§ **Data shown**
================

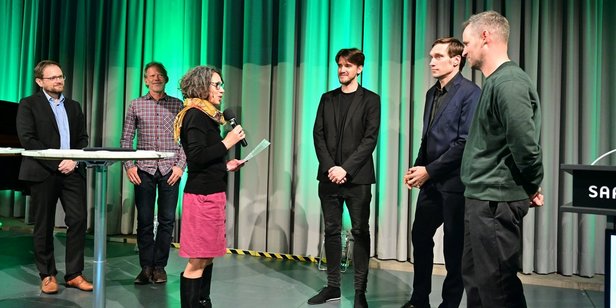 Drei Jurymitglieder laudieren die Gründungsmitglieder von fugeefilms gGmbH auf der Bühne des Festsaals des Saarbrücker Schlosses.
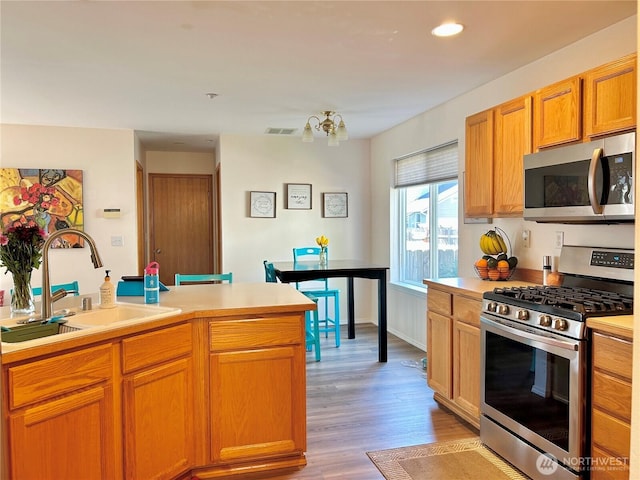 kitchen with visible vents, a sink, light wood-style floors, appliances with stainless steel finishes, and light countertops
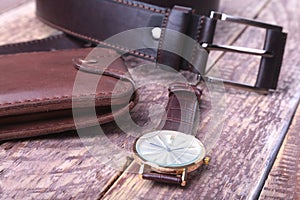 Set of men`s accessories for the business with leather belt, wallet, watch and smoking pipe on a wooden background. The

================

§ **What you have to do**
Repeat only the lines from the beginning of the material through the line containing "kitchen with visible", both ends kept, leaving pictures out.

§ **Solved problem**
 Drei Jurymitglieder laudieren die Gründungsmitglieder von fugeefilms gGmbH auf der Bühne des Festsaals des Saarbrücker Schlosses.
 kitchen with visible vents, a sink, light wood-style floors, appliances with stainless steel finishes, and light countertops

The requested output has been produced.